- Original Japanese edition cover

Studio album by Riot
- Released: July 22, 1993
- Recorded: Greene St. Recording, New York City, 1992–1993
- Genre: Heavy metal, speed metal, power metal
- Length: 56:34
- Label: Sony Combat Pay Rising Sun/SPV
- Producer: Mark Reale, Steve Loeb

Riot chronology
| Riot in Japan – Live!! (1992) | Nightbreaker (1993) | The Brethren of the Long House (1995) |

European edition cover

1999 US edition cover

= Nightbreaker =

Nightbreaker is the eighth studio album by American heavy metal band Riot. It was the band's first release with vocalist Mike DiMeo, as well as the studio debut of guitarist Mike Flyntz and bassist Pete Perez.

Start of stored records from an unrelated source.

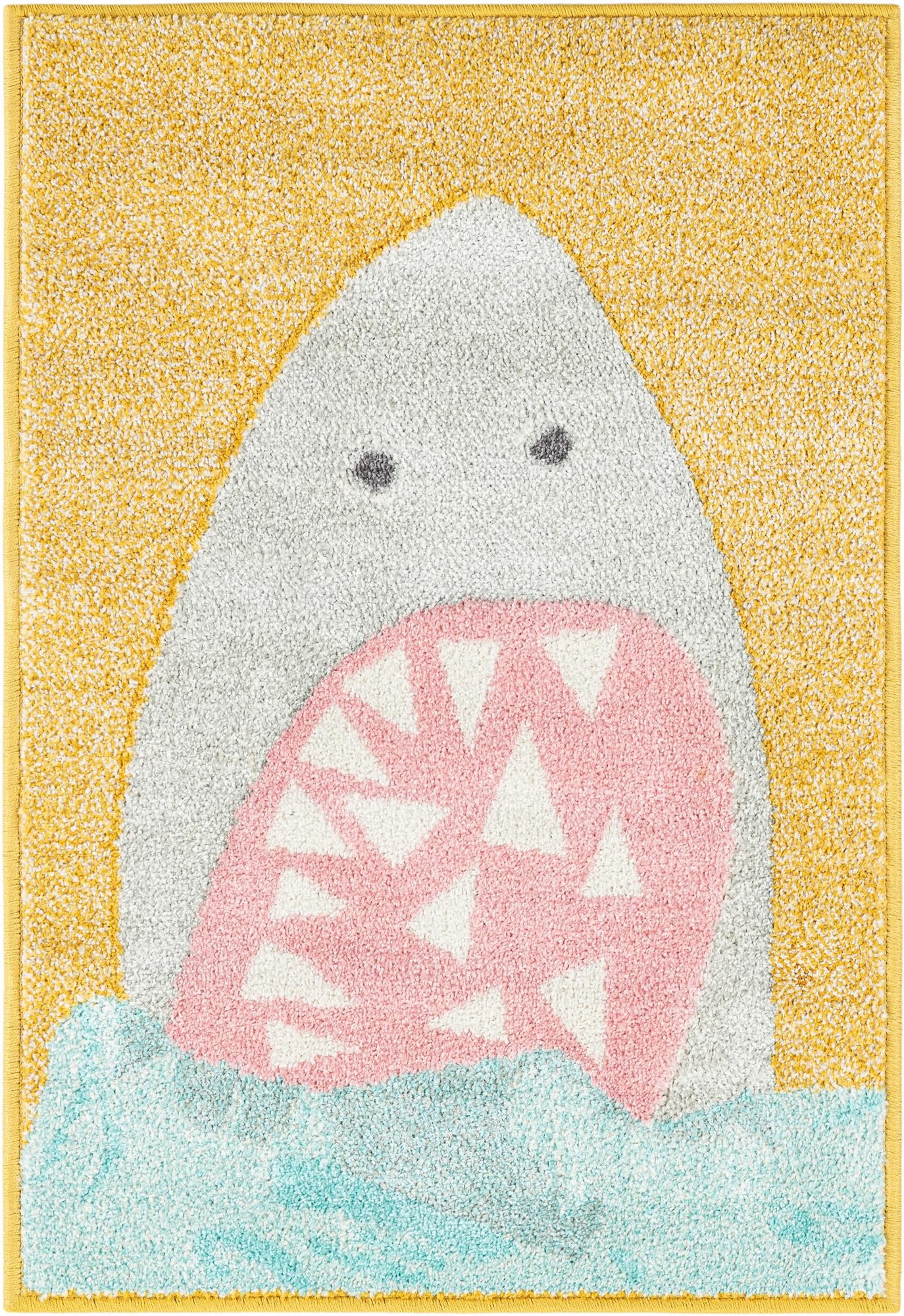 2' 2 x 3' 1 Noakes · Shark rug, yellow and gray
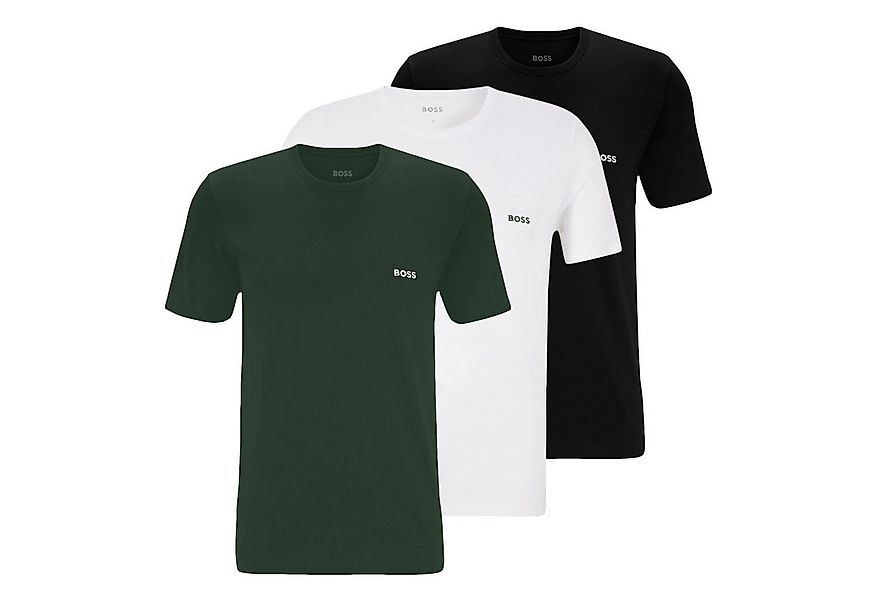 BOSS Unterziehshirt Classic T-Shirt (3-St) mit fein geripptem Rundhalsaussc günstig online kaufen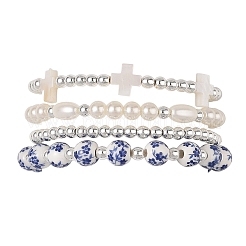 4 Stück 4 verschiedene Armbänder mit bedruckten Porzellanperlen&nbsp;BJEW-JB14203-01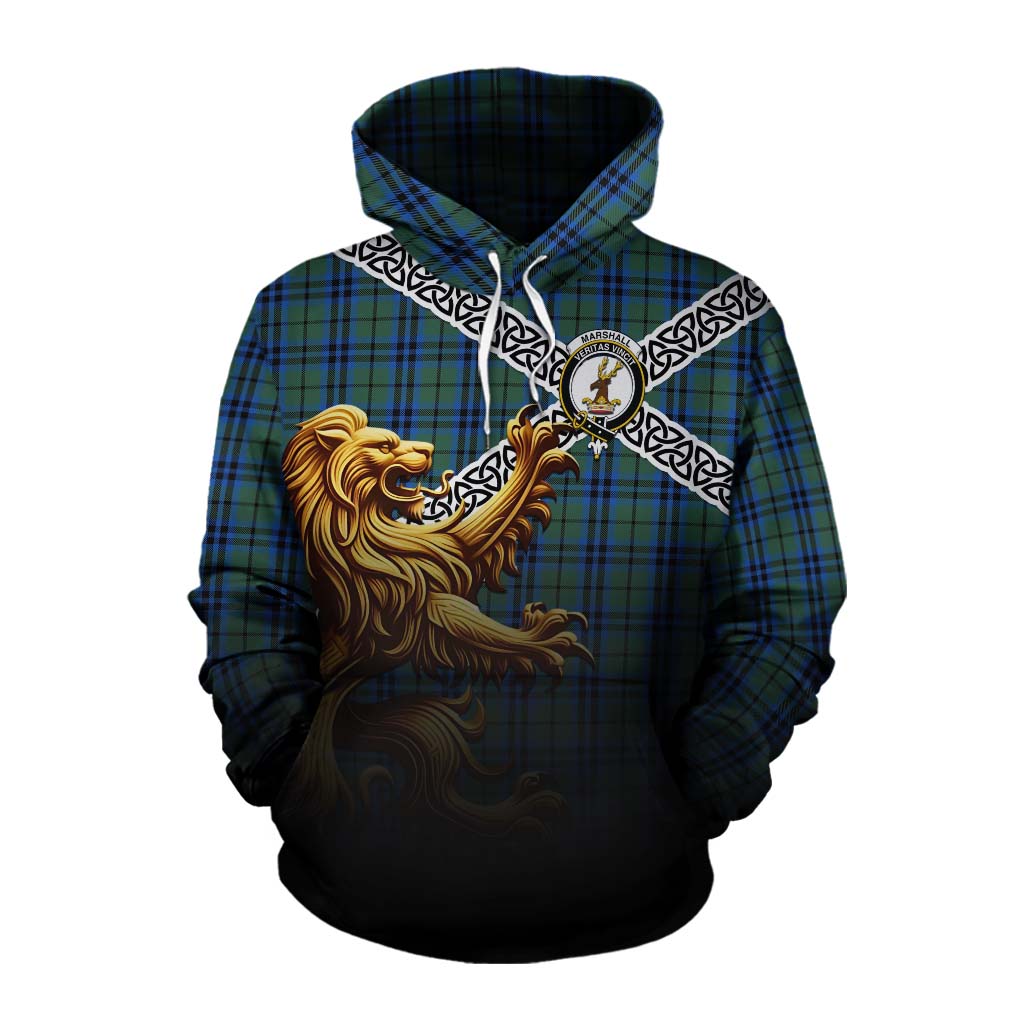Tartan Vibes Clothing Marshall Crest Tartan Cotton Hoodie with Golden Lion Emblem Celtic Style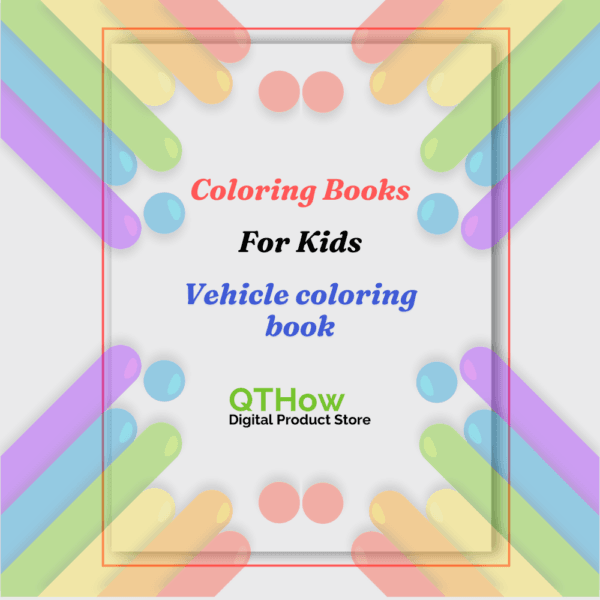 vehicle coloring book. qthow digital product store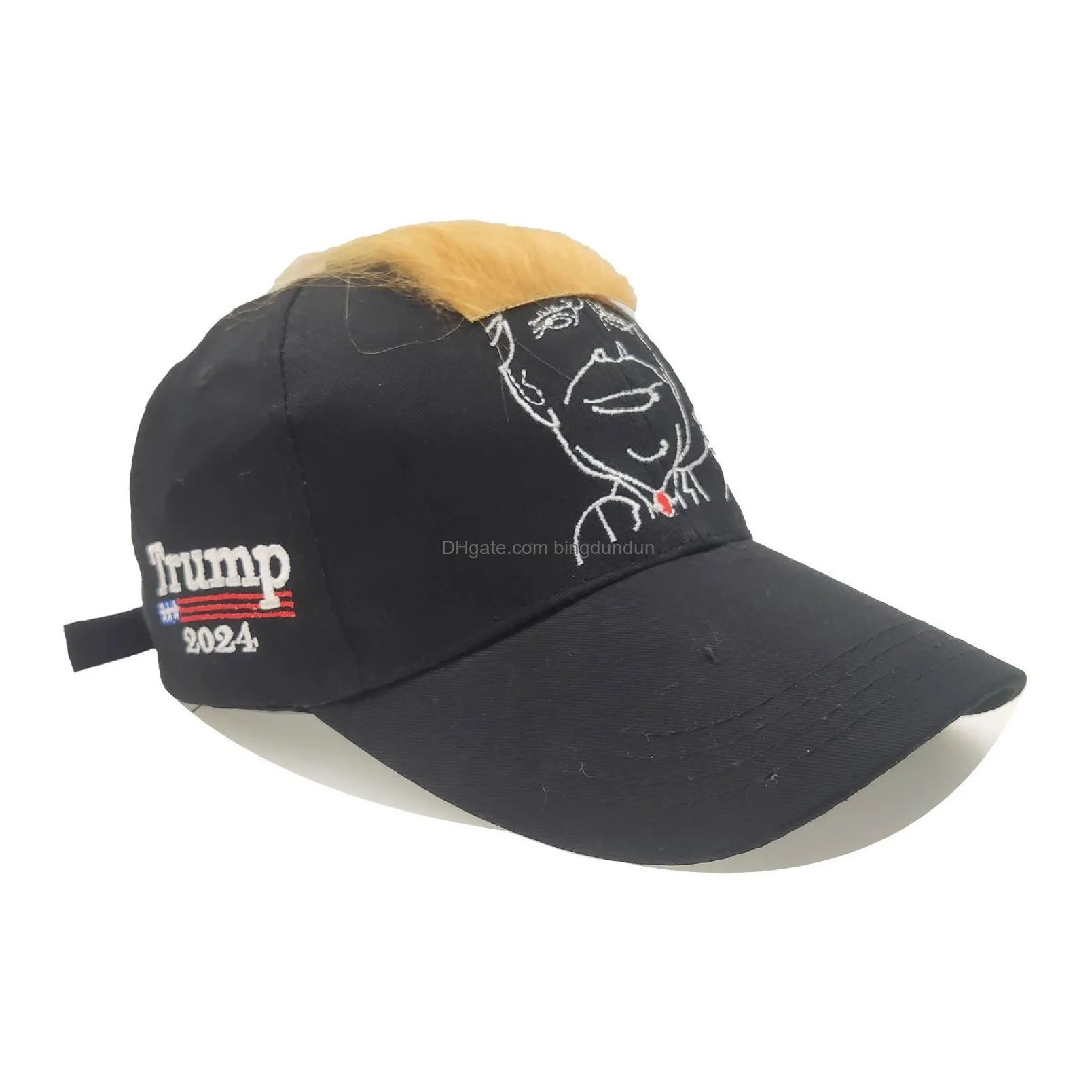 Trump 2024 Embroidery Hat With Hair Baseball Cap Trump Supporter Rally Parade Cotton Hats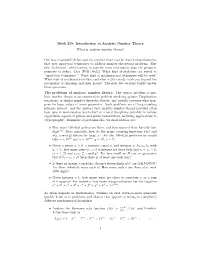 Analytic Number Theory What Is Analytic Number Theory?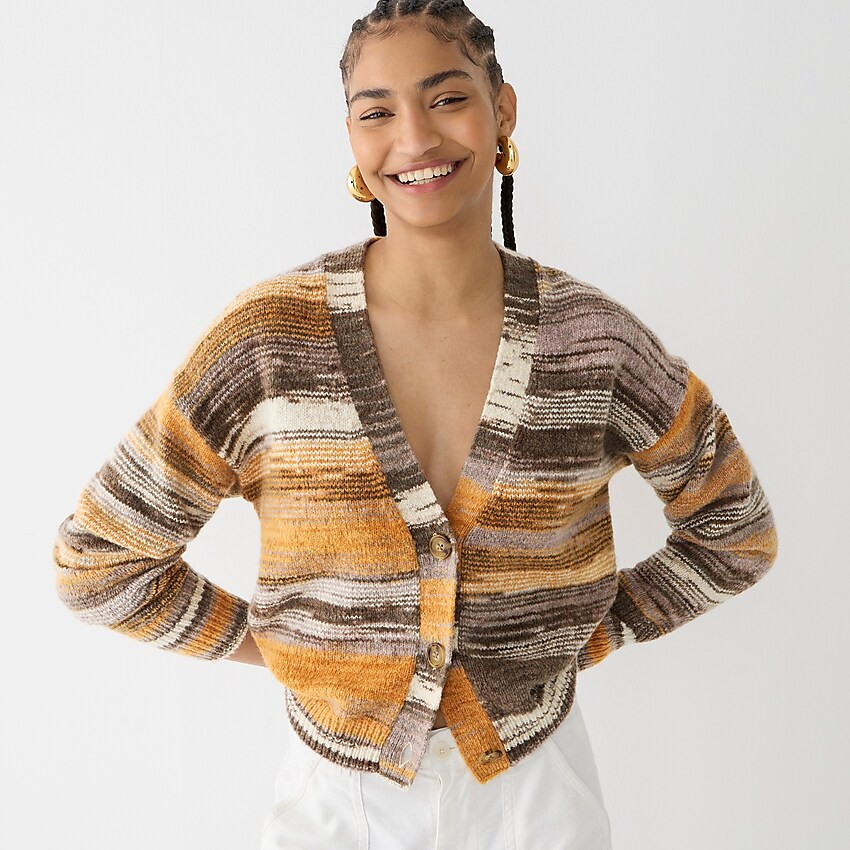 Space-dyed ribbed V-neck cardigan sweater | J. Crew US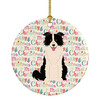 Merry Christmas Border Collie Black White Ceramic Ornament product image at NuMercy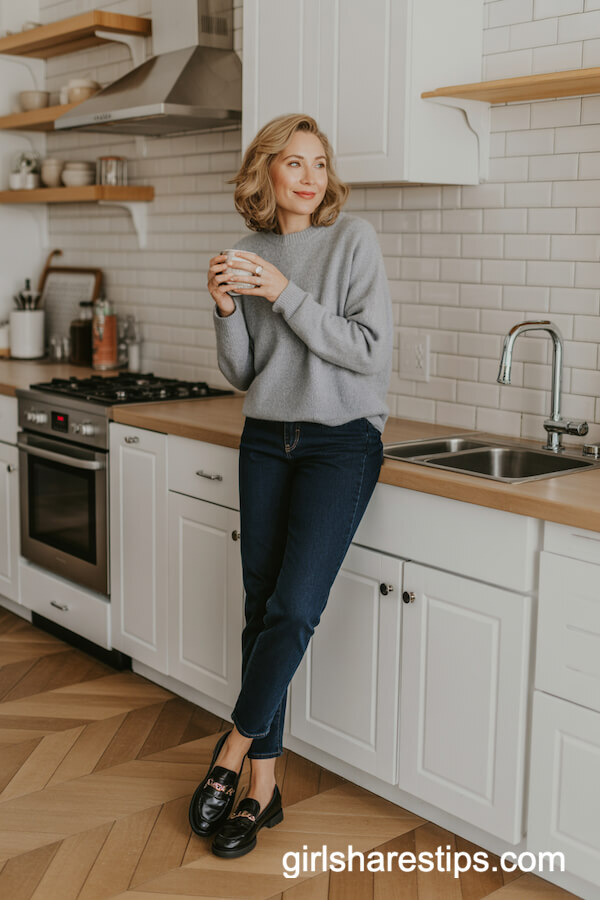 Soft Gray Cashmere Sweater Slim Jeans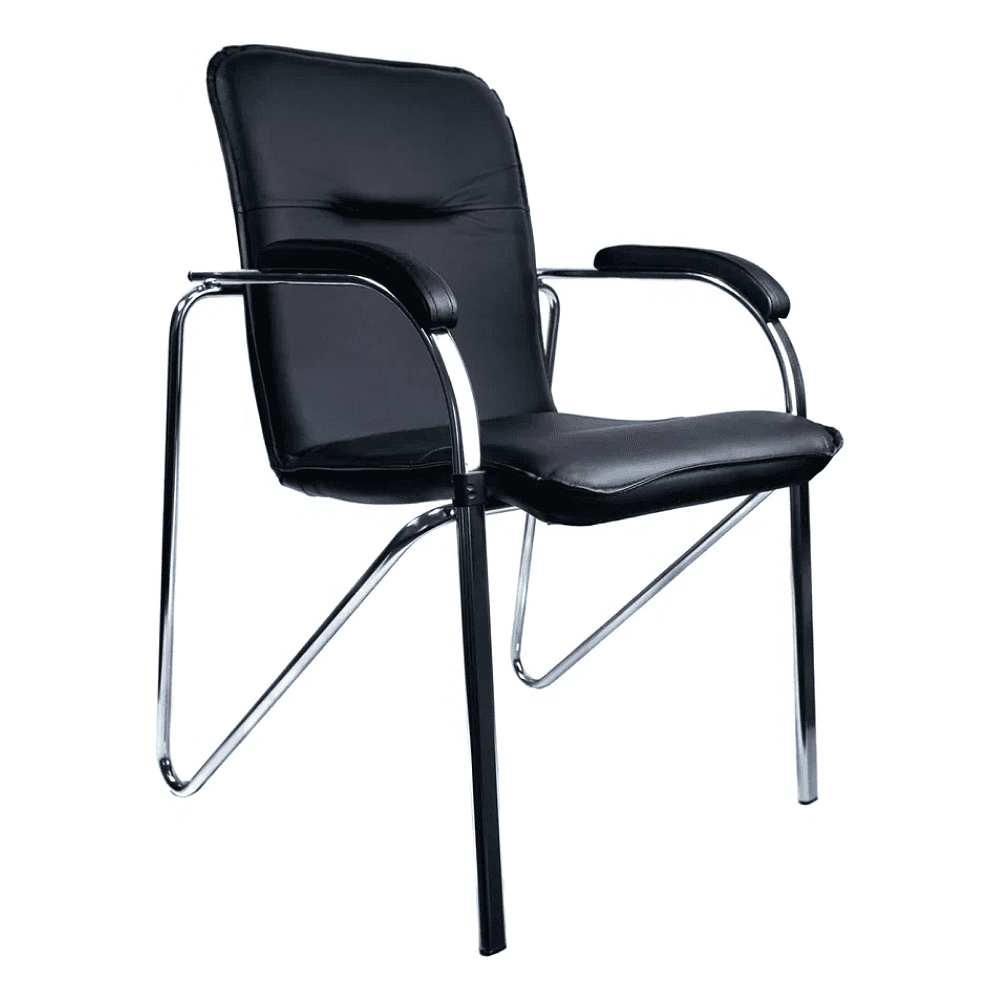 Кресло для посетителей PMK "Samba Pegasso Black", мягкие подлокотники, экокожа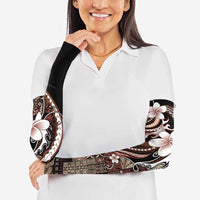 Samoa Siapo Tribal Pattern Arm Sleeves Brown Polynesian Plumeria Tapa Motif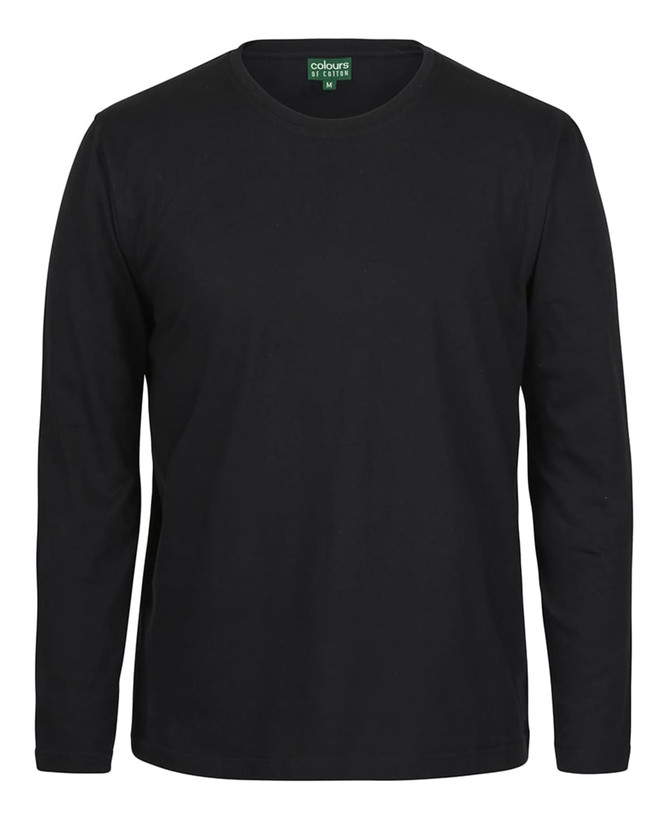 A black long-sleeve T-shirt with a round neck and a tag on the neckline, featuring a logo.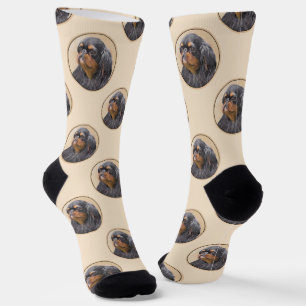 English Toy Spaniel Painting King Charles Dog Art Socks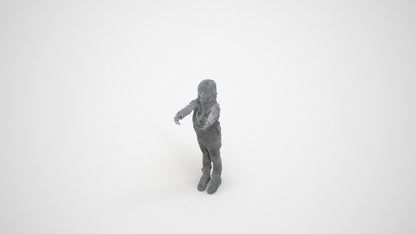 3D human model girl casual kids, photogrammetry scanned person for archviz, wireframe three-quarter view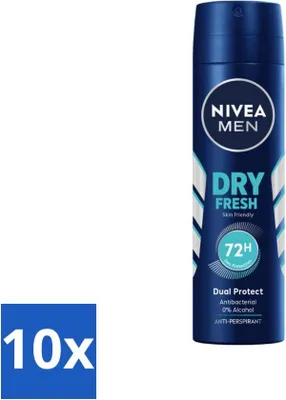 Immagine prodotto di NIVEA Uomo Deodorante Spray Dry Fresh 150 ml - Confezione risparmio - 10 pezzi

The album was released in Japan by Sony Music in 1993, in Europe by Rising Sun Productions in 1994, and finally re-issued in the United States by Metal Blade Records in 1999, all with different cover artwork. A very limited run of CDs, bearing the Combat Pay Music label and utilizing the Japanese artwork, was also produced in 1993 by the band's management.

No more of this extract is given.